New Jersey is home to a long list of famous entertainers who wear their New Jersey roots with pride. Among them is comedian Chris Gethard, who has a new podcast called “New Jersey is the World.”
“You find out even people that make it big here kind of have a screw loose,” Gethard says.
The night in 2010 that Gethard booked the lead role in a television sitcom, he says he walked along to the west side of Manhattan, looked across the Hudson River and thanked New Jersey.
“Is that melodramatic? It absolutely is. But my immediate instinct was to walk out to the part of the city where I could see New Jersey and tip my hat and say thank you,” he says.
And the more Gethard finds success beyond New Jersey - with his HBO special or his popular podcast “Beautiful Anonymous” - the more he seems to keep talking about New Jersey.
Gethard says that he is convinced that there is no better place for a well-adjusted citizen of the world or a comedian to be from.
“Sometimes people go, ‘Oh, you’re really good at just diving into conversations,” Gethard says. “And I think part of that was where I grew up. I was in a lunchroom every day in high school where there were kids who on their 17th birthday would show up in a brand-new BMW. And there were kids whose family just arrived from Haiti and they were on food assistance. And everything in between.”

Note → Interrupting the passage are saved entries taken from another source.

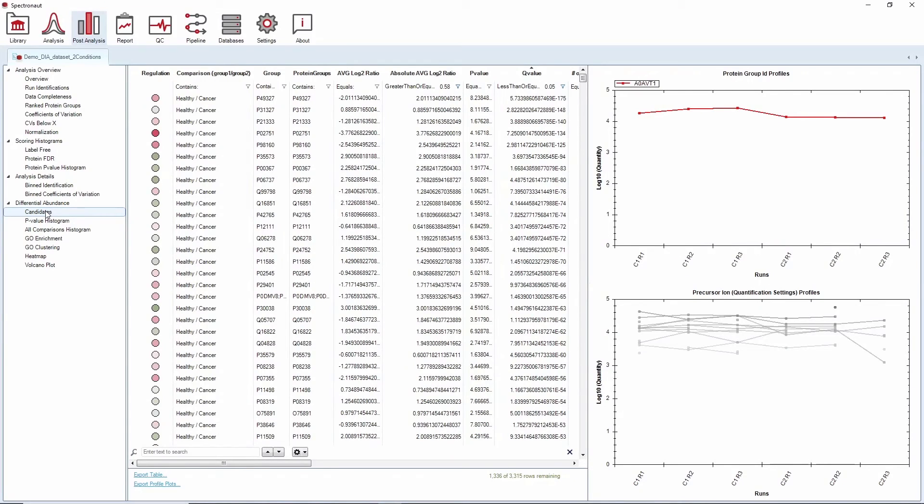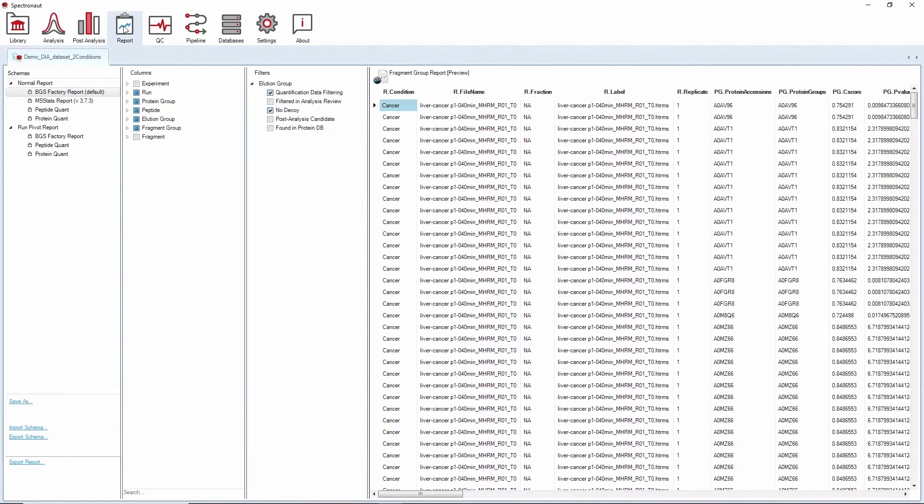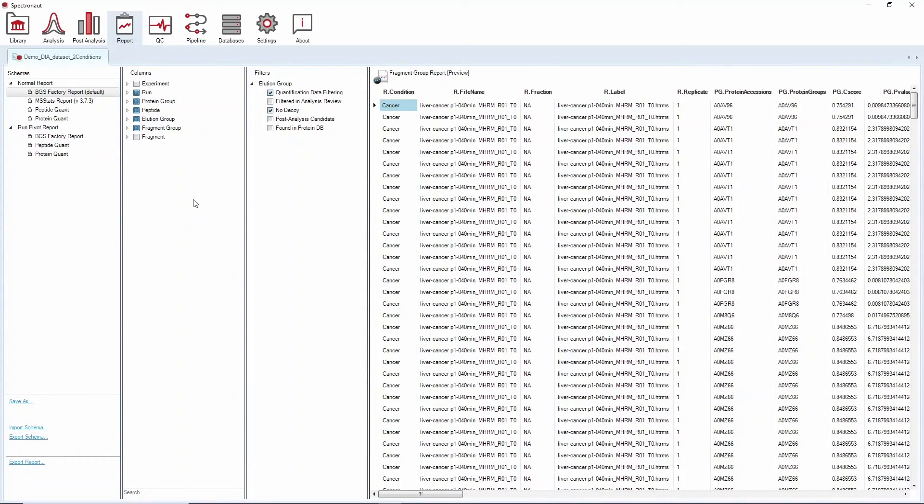If you'd rather export your results, you can go under the report perspective and customize the report that best suits your downstream applications.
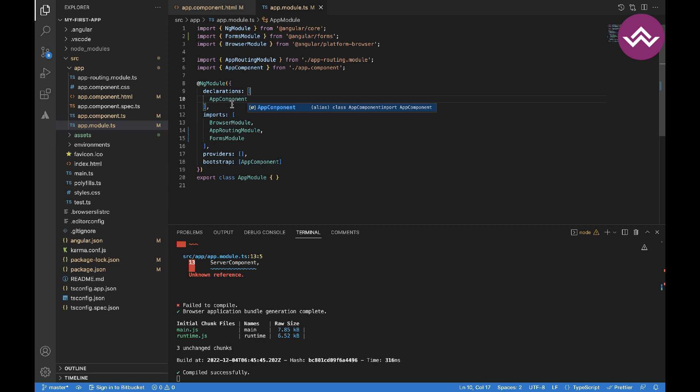A nested component is a normal component, but we use it with the parent component to communicate data between them. Let's look at a simple example where we will create two different nested components using Angular CLI and use them with the parent component.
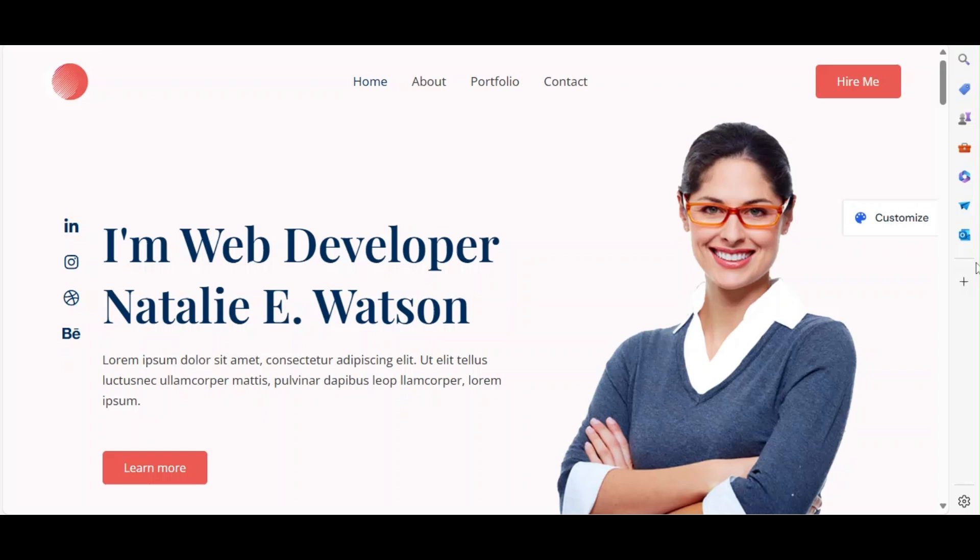Welcome back to our channel. In today's video, we're going to show you how to create a stunning portfolio website to showcase your projects using Elementor and the Astra theme. Let's get started.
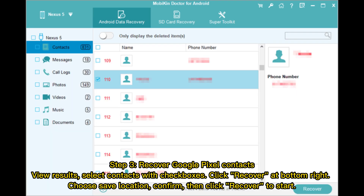Step 3 – Recover Google Pixel contacts. View results and select contacts using checkboxes. Click Recover at the bottom right. Choose a save location, confirm, then click Recover to start.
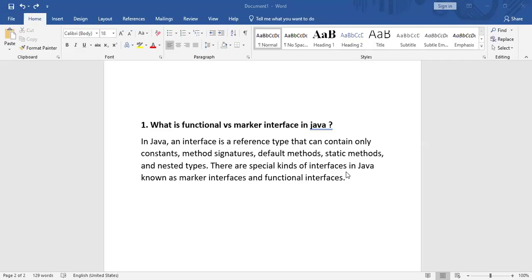Hello everyone. In today's video we are going to see what is a functional interface versus a marker interface. First we will understand what is an interface in Java. In Java, an interface is a reference type that can contain only constants, method signatures, default methods, static methods, and nested types. There are some special kinds of interfaces available in Java that we call marker interfaces and functional interfaces.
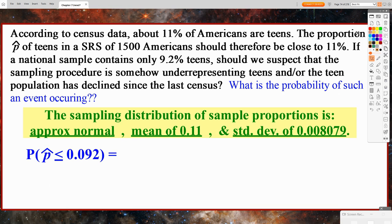So the sampling distribution of sample proportions is approximately normal, with a mean of about 11% and a standard deviation of approximately 0.8079%. Now we can finally get to the question we really asked: what is the probability of such an event occurring?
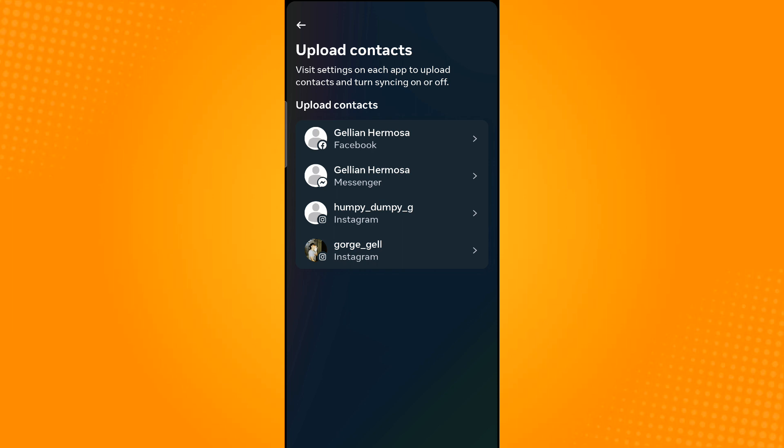Then choose Messenger and make sure to turn on upload contacts.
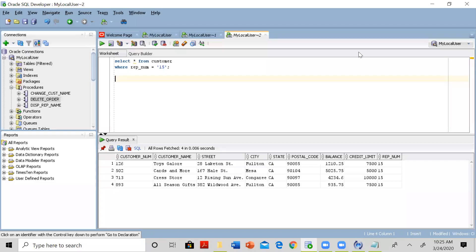Hello, everyone. In this video, I will demonstrate how to write a simple stored procedure that will fetch multiple records from the table and display them on the screen.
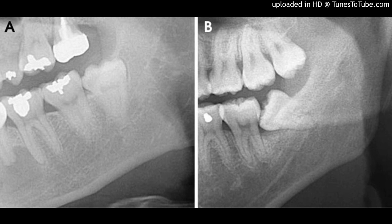Materials and Methods: 40 samples with signs or symptoms of impacted mandibular third molar and panoramic radiograph showing signs of a close relationship with the mandibular canal, as described by Files Gutierrez et al., were included in the study and subjected to CBCT. Radiographic signs on panoramic radiography were compared with the relationship on CBCT. Statistical analysis was done using Chi-square test.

The West Orange native released an album last year titled “Taylor Ham Egg and Cheese,” which was comprised entirely of material about New Jersey. And he has also launched a new project called “New Jersey is the World.” It includes three new podcasts about New Jersey life, culture and food – including one called “WO Town” in which he and his two old friends from West Orange hash it out as though they are sharing a plate of disco fries at a diner at 2 a.m.
“I don’t want to make it like a state-sponsored tourism ad either. The next episode we’re putting out next month - that’s not behind a paywall - is all about pollution. And all about how real it is,” Gethard says. “Yeah, it makes us mad that people say that about us...My block that I grew up on was, without exaggeration, a literal Superfund site.”
Gethard says that he has no plans to stop making content about the Garden State anytime soon.